Doug: Obviously, so I did name them and I would give them names that my friends at home. In a couple of classes, every single friend that I had from home were with their names so like Brandon and Danny and like the kids had no idea but it helped me remember their name number 1 but that was cool because I literally name them to their American name and they keep those name forever so as the American were English name, I mean obviously like I said they go by their Korean names but that was an interesting thing. But it was just a life experience. It was a life experience of meeting different people working with – there are Korean teachers there. We do 45 minutes of Korean instruction and we do 45 minutes of English instruction. We all taught in English but they were there to help me translate at their end. At my end I was in the classroom, like I said I would go into a brand new group of kindergarteners by myself. Whenever I spoke in English, just getting them to say “Hello” you know, you have to model it. And I guess that part was interesting because you would say things like “Great teacher, I’ve been there before” and I told the kids “Repeat everything that person says” so I get in there and say “Hello” and they get “Hello”. “Ok everybody” then “Ok everybody” I’m like “No, no no” and like “No, no no”. Don’t repeat everything you know and so. I had to kind of get used to that. And how do I teach because I never taught ESL and this wasn’t ESL, this was I don’t know, I don’t know what you call it. The opposite of ESL but anyway that part was interesting. But it was just really just a life experience and I think being a, you know, I’m a white male and Koreans are very a homogenous society in South Korea. I mean, there aren’t many people living in Korea that aren’t Korean and being different you know and being looked at differently was definitely eye opening and being like I said, a white male in America.
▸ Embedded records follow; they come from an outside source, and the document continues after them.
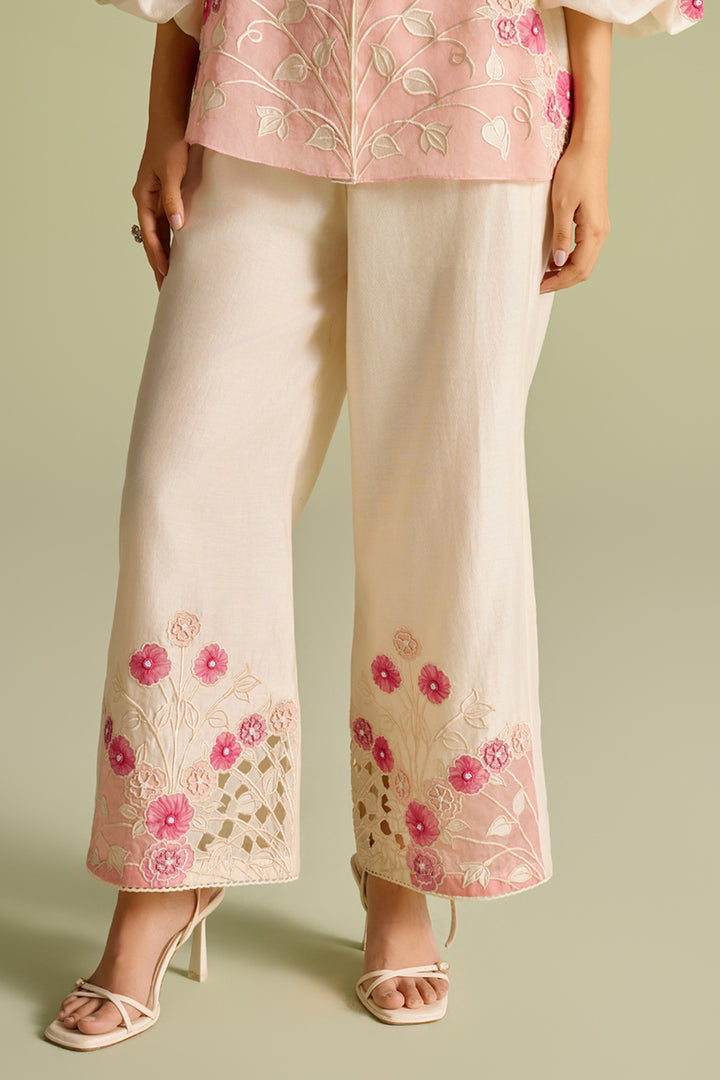 Ivory & Pink Panelled Applique Pants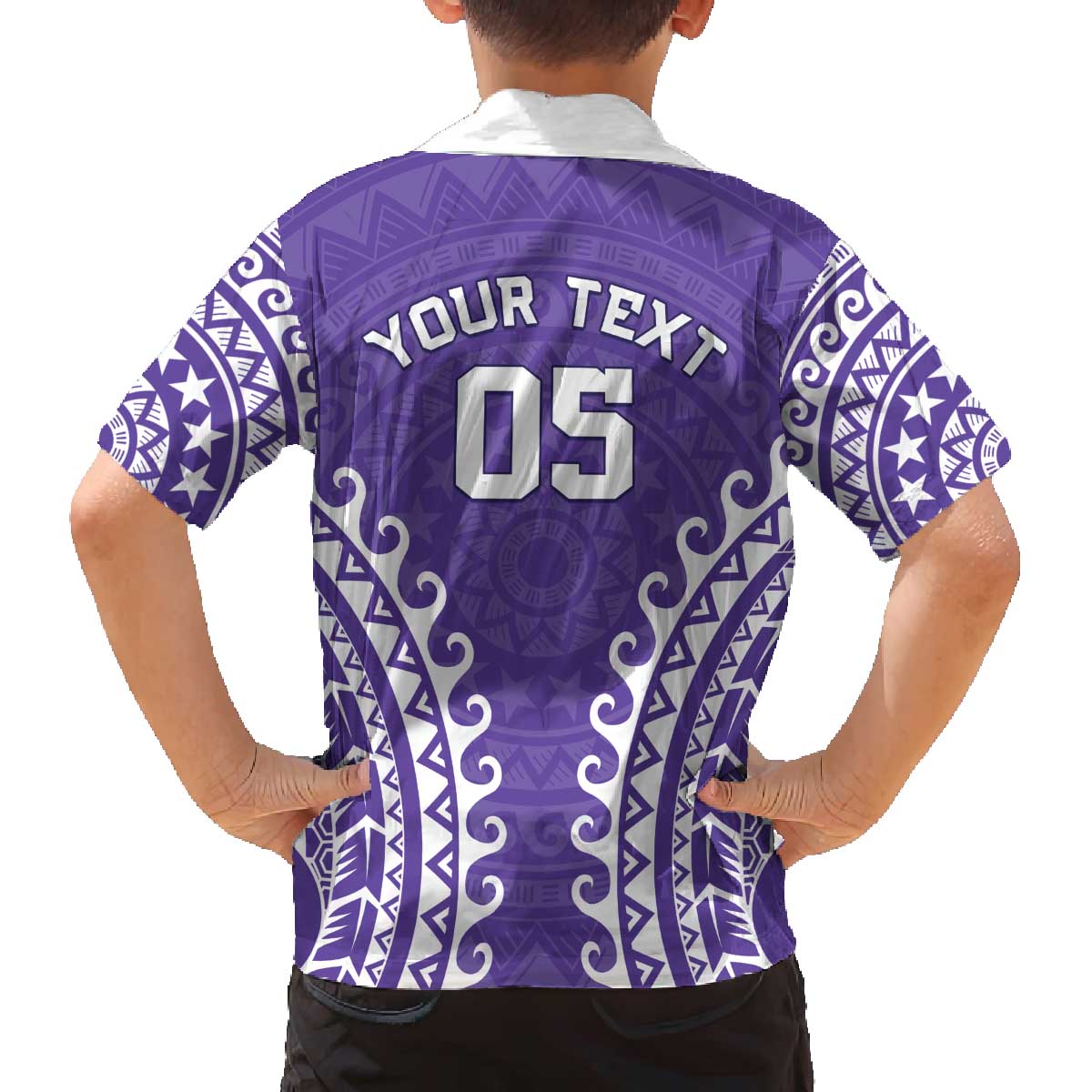 Custom Cook Islands Rarotonga Family Matching Off The Shoulder Long Sleeve Dress and Hawaiian Shirt Polynesian Tribal Tattoo LT05 - Polynesian Pride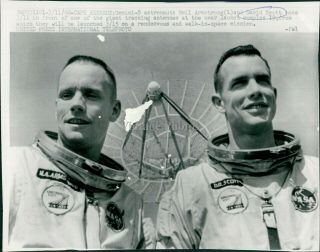 1966 Wire Photo Nasa David Scott Neil Armstrong Cape Kennedy Gemini 8 6x8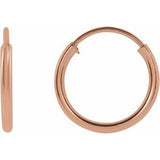 14K Rose Flexible Endless Tube 10 mm Hoop Earrings Siddiqui Jewelers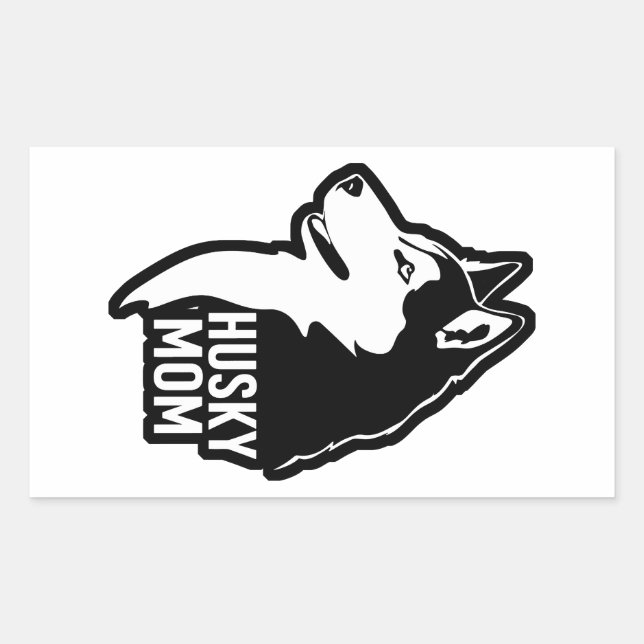 Sticker Rectangulaire Husky Maman (Devant)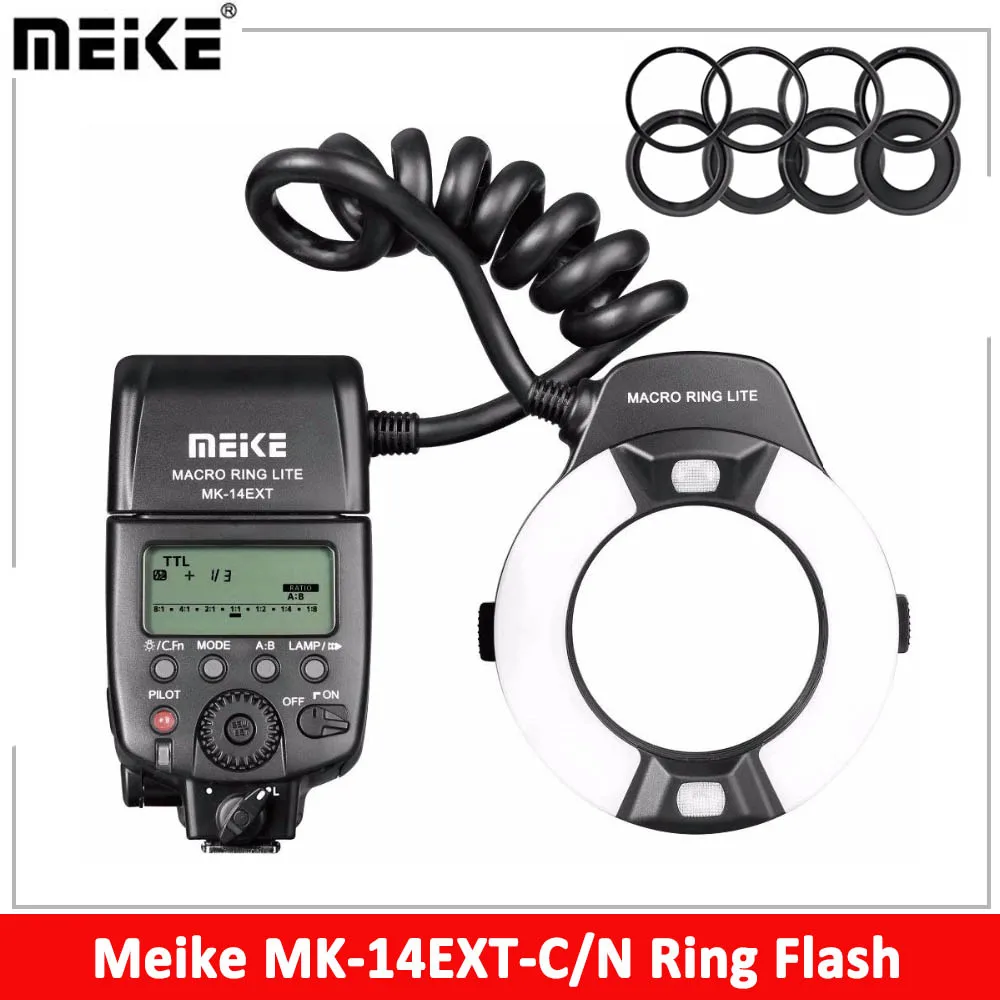 Фото Кольцевая вспышка MEIKE MK-14EXT E-TTL Macro LED Ring Speedlite для Nikon D80 D300S D600 D700 D800 и Canon 550D/ 760D/ 750D/ 1100D №1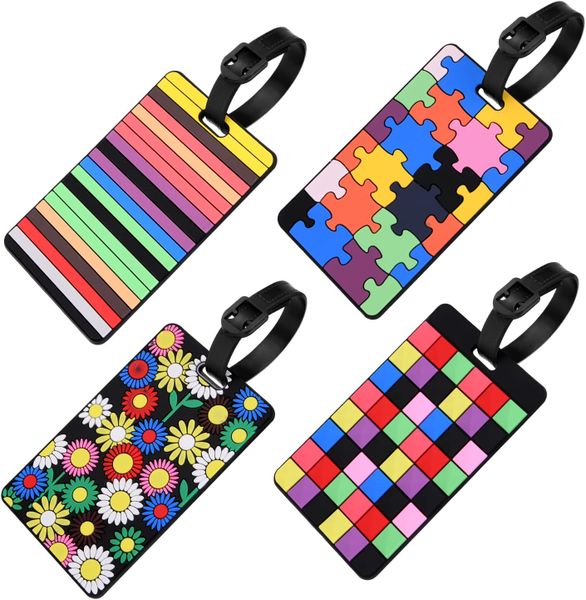 Luggage Tags, 4Pcs Silicone Luggage Tags for Suitcases, Colorful Travel
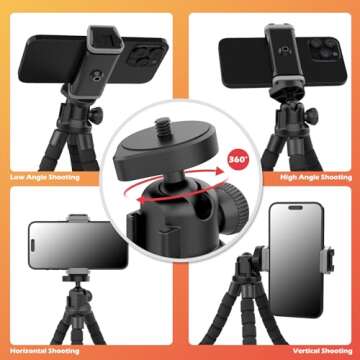 Aureday Cell Phone Tripod, Flexible Mini Tripod with Remote and Cold Shoe, Small Tripod Stand for Vi...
Doug: And that was something I think that I can take with me forever and says, “You know I at least have an understanding of what that means” as well as just having to overcome all sorts of things. I mean Korean language. It doesn’t even used there’s no letters, I mean just Korean symbols that are you know put together. So I had to learn that. I mean, there was no handbook I mean, I was picked up and dropes off by this guy from New Zealand who had been there for six months so he kind of knew the lay of the land and I could kind of rely on him for a little while but you know there wasn’t an orientation. I started the first day after I got there. Yeah, so I was constantly just being dropped to places and told to perform and that’s kind of how I learned that. I don’t think that’s the best way to learn.
Doug: Like I said, I think my transition here at Carrie Downie was 2 weeks with the person who was here was a much better way to do it but you are not always afforded that opportunity so.
Jay: What do you think that landed to you, I mean just having that experience on another country where you just kind of fly by the city do you think that, that prepared you for some of the you know, the challenges that you might have been prepared for you know as a school leader.
Doug: Yeah, I mean I would suggest anyone that leaves college, the first six months after college, you should spend in a different country and live there where there’s a language that you cannot speak or do not know how to speak.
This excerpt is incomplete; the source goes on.